- [Task brief] Locate the string "Skin" in the records below. Copy every line where it occurs.

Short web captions
....
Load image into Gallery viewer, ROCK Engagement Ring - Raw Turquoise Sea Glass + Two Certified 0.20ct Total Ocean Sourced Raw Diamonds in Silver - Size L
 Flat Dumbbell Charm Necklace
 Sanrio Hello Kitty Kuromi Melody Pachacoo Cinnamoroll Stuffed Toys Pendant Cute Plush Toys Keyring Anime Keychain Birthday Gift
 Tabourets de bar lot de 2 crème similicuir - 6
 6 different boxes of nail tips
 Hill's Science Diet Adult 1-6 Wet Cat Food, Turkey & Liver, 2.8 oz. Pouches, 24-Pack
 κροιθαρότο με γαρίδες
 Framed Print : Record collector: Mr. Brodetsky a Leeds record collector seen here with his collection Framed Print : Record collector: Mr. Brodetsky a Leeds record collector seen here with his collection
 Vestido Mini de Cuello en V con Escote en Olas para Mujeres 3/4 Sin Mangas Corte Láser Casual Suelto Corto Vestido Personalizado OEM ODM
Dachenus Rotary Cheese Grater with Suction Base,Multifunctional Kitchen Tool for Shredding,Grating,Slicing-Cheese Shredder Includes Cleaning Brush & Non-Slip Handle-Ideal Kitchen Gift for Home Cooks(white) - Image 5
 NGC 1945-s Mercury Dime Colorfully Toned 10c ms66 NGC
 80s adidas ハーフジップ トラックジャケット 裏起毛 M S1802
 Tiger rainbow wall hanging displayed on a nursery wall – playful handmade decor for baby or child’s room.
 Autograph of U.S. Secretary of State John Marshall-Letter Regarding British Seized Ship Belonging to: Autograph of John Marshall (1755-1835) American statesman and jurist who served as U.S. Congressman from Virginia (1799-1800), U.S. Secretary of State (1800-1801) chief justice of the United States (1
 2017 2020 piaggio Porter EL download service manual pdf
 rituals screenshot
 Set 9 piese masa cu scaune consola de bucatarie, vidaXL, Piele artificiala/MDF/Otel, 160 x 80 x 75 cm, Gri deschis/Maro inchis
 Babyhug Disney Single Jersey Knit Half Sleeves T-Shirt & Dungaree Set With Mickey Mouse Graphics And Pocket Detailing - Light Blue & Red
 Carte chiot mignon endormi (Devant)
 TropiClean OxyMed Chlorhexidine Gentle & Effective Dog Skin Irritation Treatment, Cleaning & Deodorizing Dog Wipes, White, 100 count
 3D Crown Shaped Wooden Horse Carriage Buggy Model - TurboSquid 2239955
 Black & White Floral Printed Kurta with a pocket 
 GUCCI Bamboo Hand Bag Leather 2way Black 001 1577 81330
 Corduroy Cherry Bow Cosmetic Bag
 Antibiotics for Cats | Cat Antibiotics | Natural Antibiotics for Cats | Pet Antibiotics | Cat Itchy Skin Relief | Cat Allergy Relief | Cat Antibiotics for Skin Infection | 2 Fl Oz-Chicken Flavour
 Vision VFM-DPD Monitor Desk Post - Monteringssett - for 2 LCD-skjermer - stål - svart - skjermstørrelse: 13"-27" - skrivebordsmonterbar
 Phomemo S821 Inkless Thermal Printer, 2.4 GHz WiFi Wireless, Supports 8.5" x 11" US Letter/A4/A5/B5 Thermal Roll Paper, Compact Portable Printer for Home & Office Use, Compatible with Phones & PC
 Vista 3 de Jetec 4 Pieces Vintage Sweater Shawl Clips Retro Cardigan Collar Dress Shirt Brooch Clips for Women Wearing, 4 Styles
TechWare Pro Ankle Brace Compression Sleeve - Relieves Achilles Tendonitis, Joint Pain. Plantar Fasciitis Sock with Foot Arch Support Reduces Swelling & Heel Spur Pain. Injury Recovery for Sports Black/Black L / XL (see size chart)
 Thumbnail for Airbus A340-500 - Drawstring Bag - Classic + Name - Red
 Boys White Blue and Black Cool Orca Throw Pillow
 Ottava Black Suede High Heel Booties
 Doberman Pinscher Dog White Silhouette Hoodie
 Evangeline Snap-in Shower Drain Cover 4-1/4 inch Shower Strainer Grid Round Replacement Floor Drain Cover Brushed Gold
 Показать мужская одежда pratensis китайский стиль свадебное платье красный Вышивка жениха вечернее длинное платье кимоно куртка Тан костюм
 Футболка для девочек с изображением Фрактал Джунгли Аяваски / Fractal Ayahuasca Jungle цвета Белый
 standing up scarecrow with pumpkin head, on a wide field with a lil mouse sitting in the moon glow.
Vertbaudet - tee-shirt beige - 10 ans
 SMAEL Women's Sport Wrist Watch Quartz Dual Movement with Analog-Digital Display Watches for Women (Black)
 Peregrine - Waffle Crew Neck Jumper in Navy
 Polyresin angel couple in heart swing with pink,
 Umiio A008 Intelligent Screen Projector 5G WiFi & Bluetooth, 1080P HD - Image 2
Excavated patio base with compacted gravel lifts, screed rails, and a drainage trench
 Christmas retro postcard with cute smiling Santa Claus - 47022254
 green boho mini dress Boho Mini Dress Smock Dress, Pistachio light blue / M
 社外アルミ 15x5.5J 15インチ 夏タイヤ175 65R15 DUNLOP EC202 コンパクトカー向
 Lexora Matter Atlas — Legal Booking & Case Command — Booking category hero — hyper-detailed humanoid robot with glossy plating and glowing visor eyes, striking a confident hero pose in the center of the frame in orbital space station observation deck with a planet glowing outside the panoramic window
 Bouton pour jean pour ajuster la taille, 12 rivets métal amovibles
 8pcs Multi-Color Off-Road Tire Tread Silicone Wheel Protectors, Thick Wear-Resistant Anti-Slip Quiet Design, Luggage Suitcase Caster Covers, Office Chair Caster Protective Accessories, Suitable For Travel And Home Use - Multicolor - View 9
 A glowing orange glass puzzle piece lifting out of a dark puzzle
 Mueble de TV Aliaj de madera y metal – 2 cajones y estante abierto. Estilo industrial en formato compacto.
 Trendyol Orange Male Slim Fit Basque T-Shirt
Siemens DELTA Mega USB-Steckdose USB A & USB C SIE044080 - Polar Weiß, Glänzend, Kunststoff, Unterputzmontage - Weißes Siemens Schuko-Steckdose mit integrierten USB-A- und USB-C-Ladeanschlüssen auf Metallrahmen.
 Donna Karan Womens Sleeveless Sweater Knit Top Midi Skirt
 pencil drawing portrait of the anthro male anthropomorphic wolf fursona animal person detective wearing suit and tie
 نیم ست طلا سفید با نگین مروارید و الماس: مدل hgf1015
....
- [Solution to the exercise]
 TropiClean OxyMed Chlorhexidine Gentle & Effective Dog Skin Irritation Treatment, Cleaning & Deodorizing Dog Wipes, White, 100 count
 Antibiotics for Cats | Cat Antibiotics | Natural Antibiotics for Cats | Pet Antibiotics | Cat Itchy Skin Relief | Cat Allergy Relief | Cat Antibiotics for Skin Infection | 2 Fl Oz-Chicken Flavour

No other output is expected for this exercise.